On parle d’un « échec », d’une « claque » pour l’alliance qui a obtenu le plus de députés, et de grands « gagnants » pour les partis qui en ont eu moins d’une centaine. Vu d’une autre démocratie européenne, l’analyse de nos médias est incompréhensible.
Partout ailleurs, quand on obtient 42% des sièges, suivi par un parti qui plafonne à 15%, on est considéré comme le grand gagnant ! Partout ou presque. Pas en France.
Pas dans ce pays aux réflexes encore monarchiques où l’on considère qu’un Président soutenu par (seulement) 27,8% des électeurs au premier tour, devrait, par miracle ou par réflexe moutonnier, automatiquement doubler son score entre les deux élections pour bénéficier d’une majorité absolue. Il est vrai que cela avait généralement pour habitude de fonctionner comme cela jusqu’à maintenant. Eh bien ce n’est plus le cas… et tant mieux !

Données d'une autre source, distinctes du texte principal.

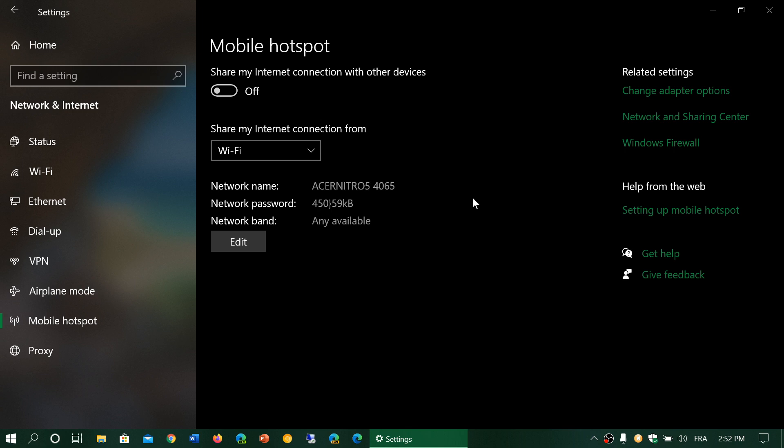Now if you have a desktop that doesn't have Wi-Fi, remember that you can't share because there's no connectivity possibility. So this is a way of sharing your internet.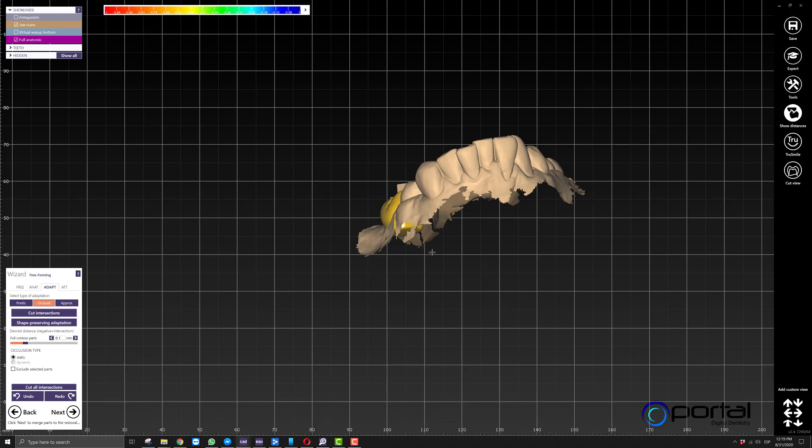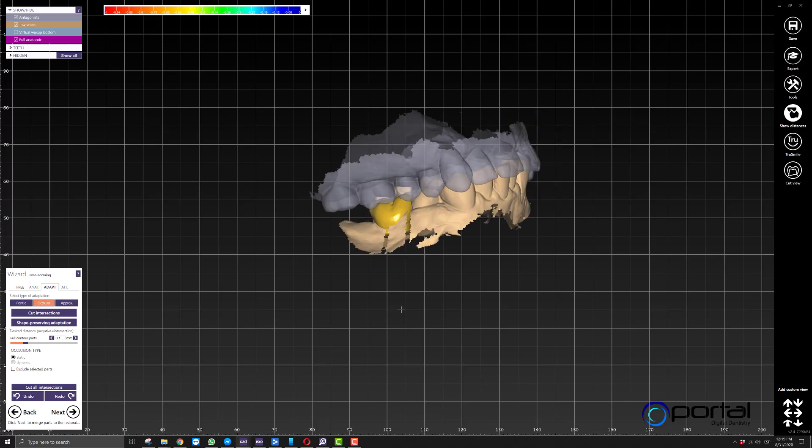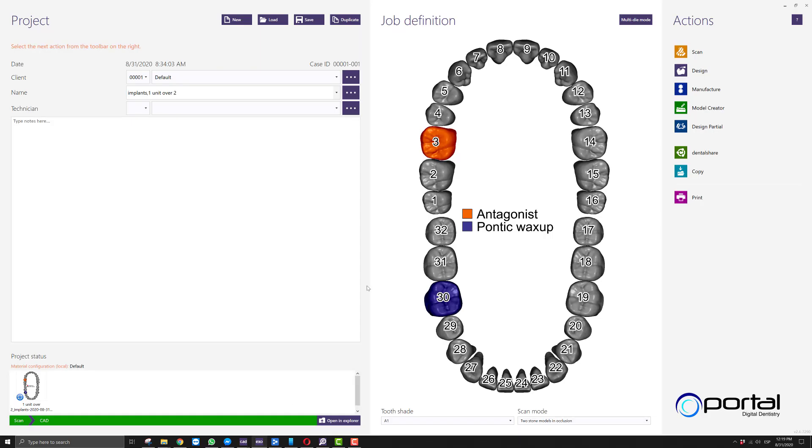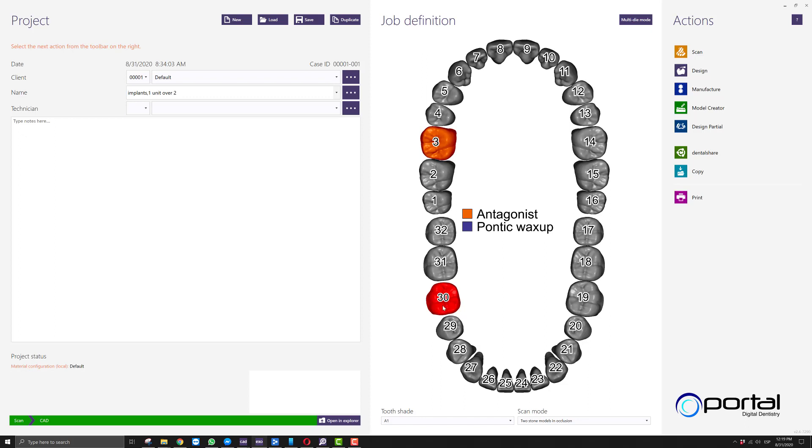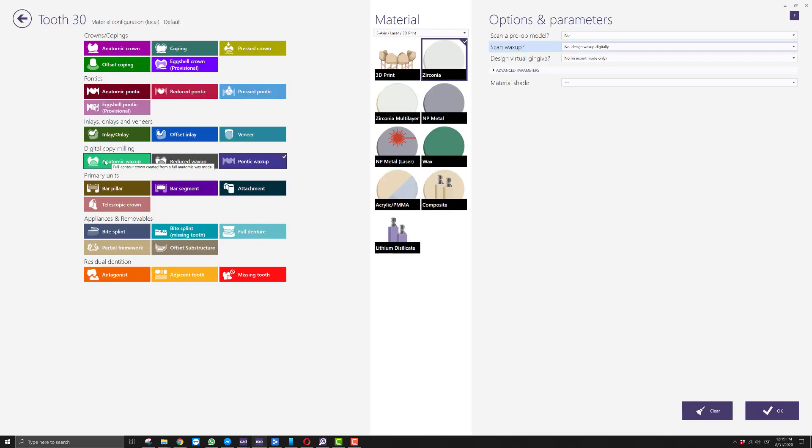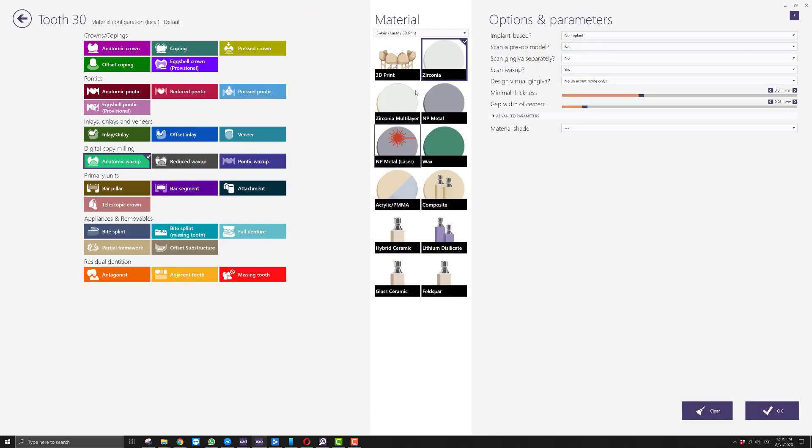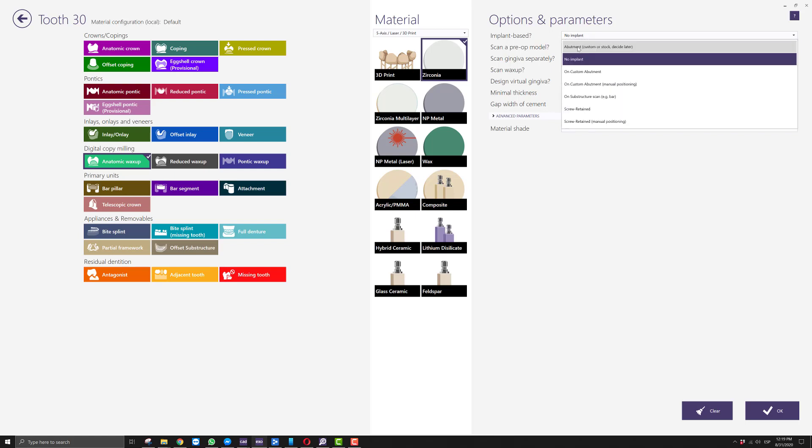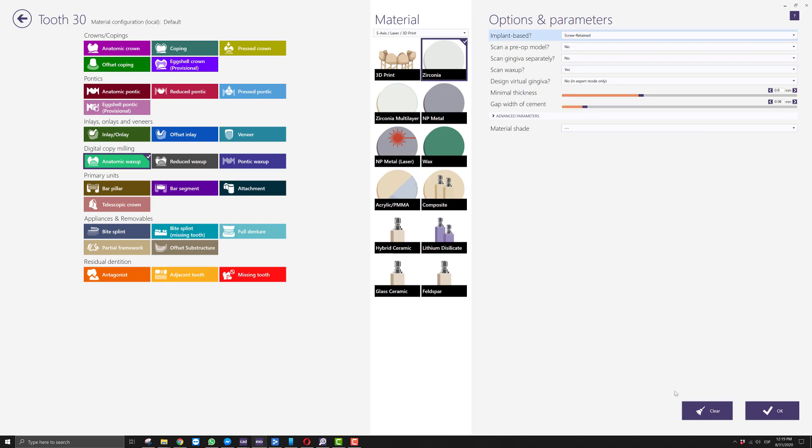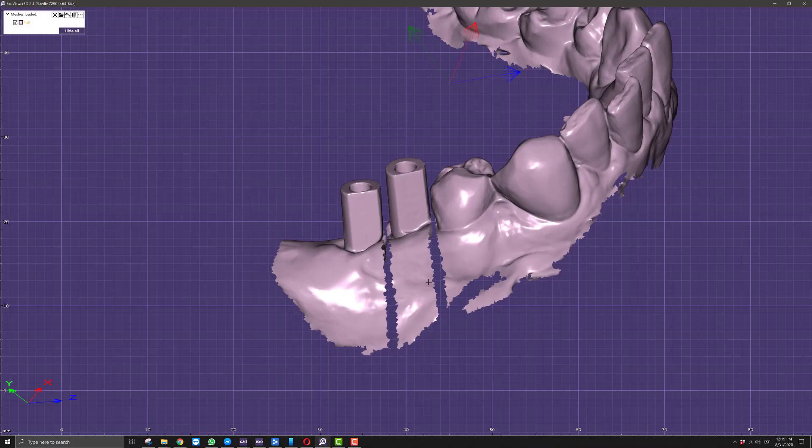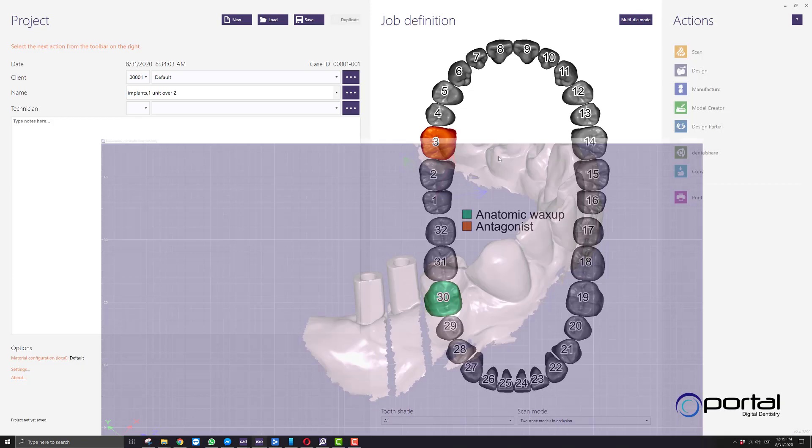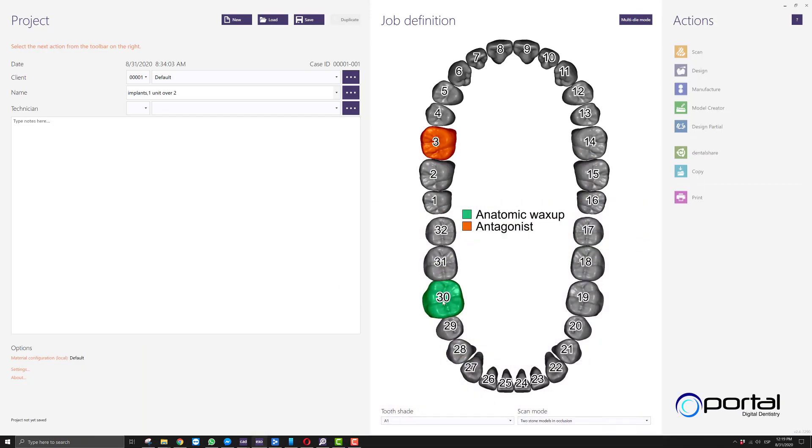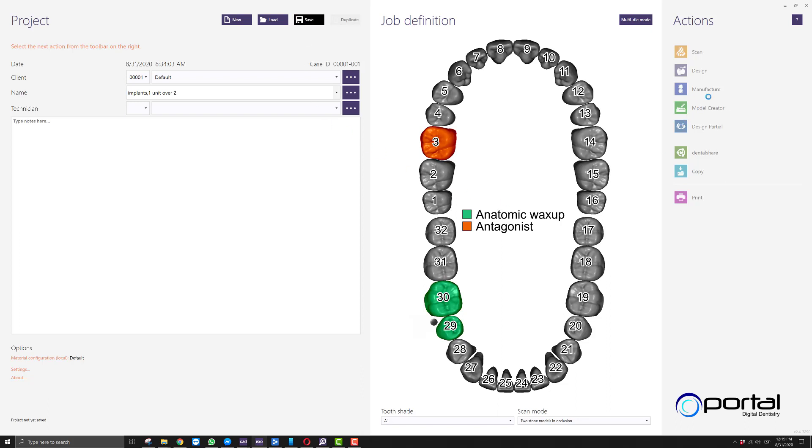Now we'll minimize that and go back to our order form. Here we're going to make the following change: for number 30, we'll go to anatomic wax up. The material matters depending on what the final product will be. Where it says scan wax up, this time we'll say yes, we are going to be scanning it. We'll also say this is going to be screw retained. Because our case has two implants, we have to select two options of a screw retained crown. We can use 29 or 31—doesn't really matter.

Je dis « tant mieux », car le Parlement revient enfin au centre du jeu. Chaque parti, et la voix de chaque député va désormais compter. Mais cela ne m’empêche pas d’être inquiet, bien sûr.
Avec 42,4 % des sièges et 38,6 % des voix au niveau national (10 points de plus que le 10 avril), la coalition « macroniste » reste – de loin – la première force politique à l’Assemblée nationale. Mais fini le réflexe moutonnier et le temps où l’on considérait le Gouvernement comme la garde rapprochée du Président, et l’Assemblée comme une chambre d’enregistrement du Gouvernement.
Les Français vont pouvoir enfin (re)découvrir ce qu’est un Parlement, ce que sont des tractations entre différentes forces politiques pour obtenir un Gouvernement, puis une majorité sur tel ou tel texte de loi. Comme dans une vraie démocratie. Et qui sait, peut-être qu’on redécouvrira même un jour aussi l’expérimentation locale et par le référendum. Il serait temps d’utiliser ces outils prévus par la Constitution, qui ne s’usent que lorsque l’on ne s’en sert pas !
Reste à voir si nos députés et l’exécutif seront capables de mener ensemble un tel exercice démocratique, ce qui n’est pas sûr du tout, et c’est cela qui m’inquiète.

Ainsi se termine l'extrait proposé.